Tardé en darme cuenta, en cierto momento de la conversación, de que ese sonido cerrado y rígido que ella emitía era el modo ruso de pronunciar "guevara". Me reí, sin sarcasmo, mas bien como una palmada en la frente. Repetí: "guevara", con mi dicción rioplatense. Ella también se rió y trató de imitar ese sonido. Fracasó.

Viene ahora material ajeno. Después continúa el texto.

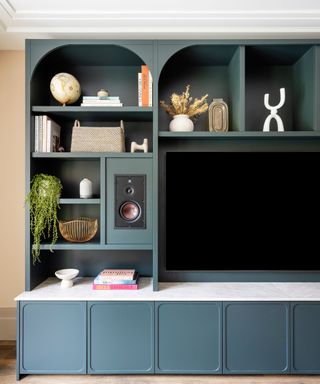 blue built-in media wlal tv cabinet with decorative accessories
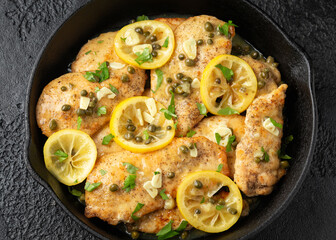 Chicken Piccata with capers, white wine sauce in iron cast pan. Italian food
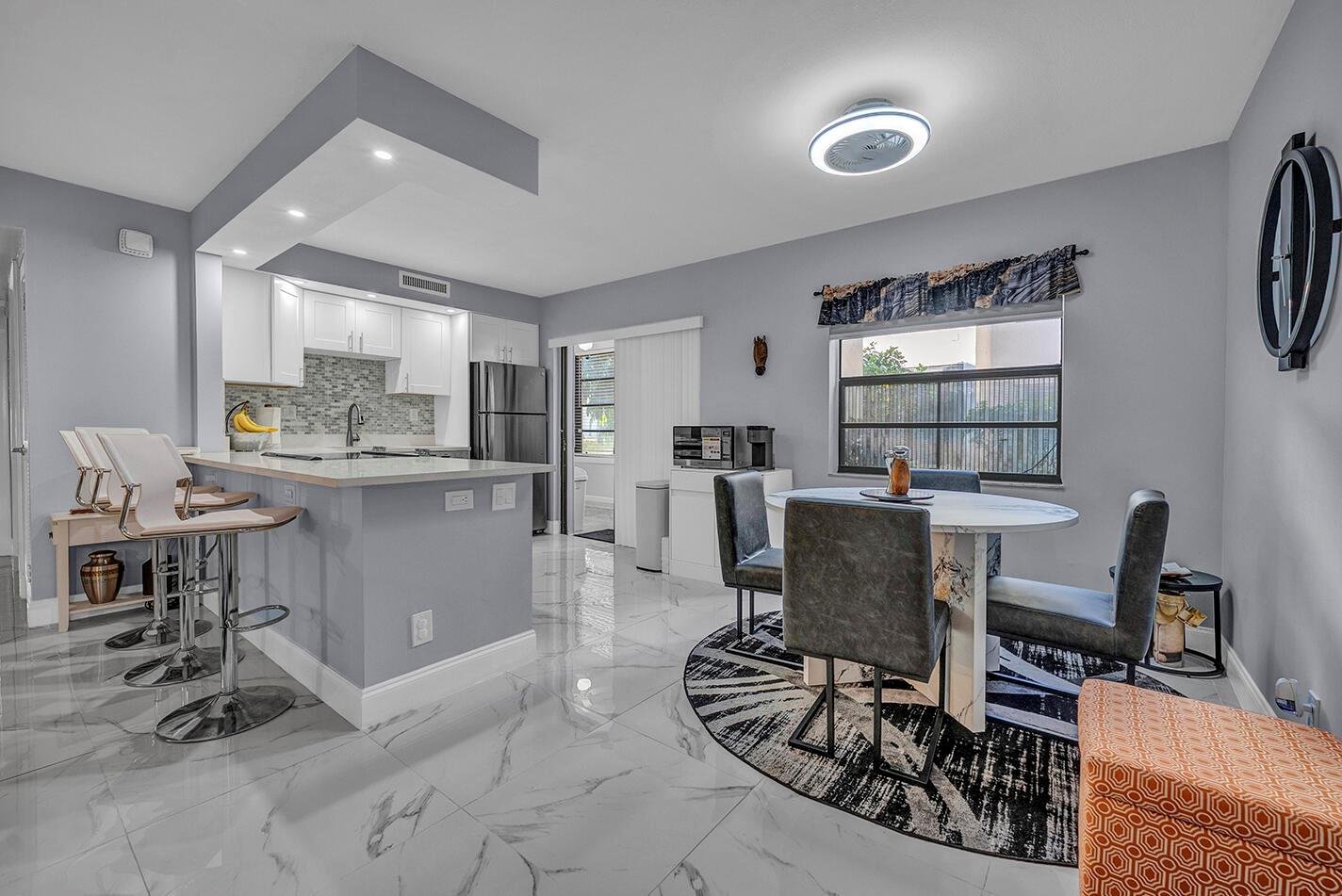 A modern kitchen and dining area with white cabinets, marble-look tile floors, and gray walls — 162 Capri D, Delray Beach FL 33484, DELRAY BEACH, FL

Ella tomó té y noté que guardaba en los ojos la furia de guerra que se agita tras las ventanas, casa por casa. Yo preferí el café.

Quedamos en encontrarnos a la noche. Bailamos unos tangos inevitables (es decir, fatales).

Llego entonces a un punto de mi relato que no puedo sortear, aunque podría intentar escaparle diciendo aquello, banal, de que estaba, de pronto y sin saber cómo, besándola. Después de todo, ese instante desapercibido es parte de una serie imposible de segmentar, como la que incluye a la gota que hace rebalsar al vaso. Sin embargo, tengo una pista.

Fue un chiste tonto lo que puso su boca a tiro de mi boca. Yo había descubierto hacía un rato que podía hacerla reir (que ella estaba dispuesta a conceder ese premio a la vanidad de mi ingenio), y cuando un hombre (este hombre) descubre que puede hacer reir a una mujer, se siente temerario y audaz. Mientras ella reía, decidí "arriesgar la boca a beso o cachetada". Salió beso.

Y fuimos a su habitación. Ya no hablamos. La desvestí. Era Ginebra. Y era lento. Y era resplandor su piel blanca en ese hotel de la Rue Lausanne. Empezó a hablar otra vez, palabras sueltas en ruso. Entendí el juego y nos dedicamos a elaborar nuestro privado diccionario bilingüe de los pecados y los vicios.

Nunca más volveré a saber los nombres rusos de las partes del cuerpo que importan en estas circunstancias. "Boca", "рот", quizás. Los demás los he olvidado, al menos lo suficiente.

Pero, al final, capricho de mujer, eligió cambiar otra vez el juego, volver al inglés que al principio nos había ofrecido la esperanza de entendernos.

"I come", murmuró, y me sorpendió. Todavía sujeto por las reglas del otro juego, yo iba a decir: "me voy". Y supe que ese diverso rumbo, la contradictoria dirección, era un sino.

Dormimos juntos. Por la mañana, cada uno salió para cumplir sus propios compromisos sin acordar nada para después. La crucé por la tarde caminando por la Rue du Rhône. Me saludó con una sonrisa indiferente, como dedicada a un extraño que cubriera con su capa un charco a fin de franquearle el paso, en una galantería que ella se vería obligada a agradecer pero cuyas consecuencias se impondría conjurar.

Después de eso, como dice el tango, no la ví mas.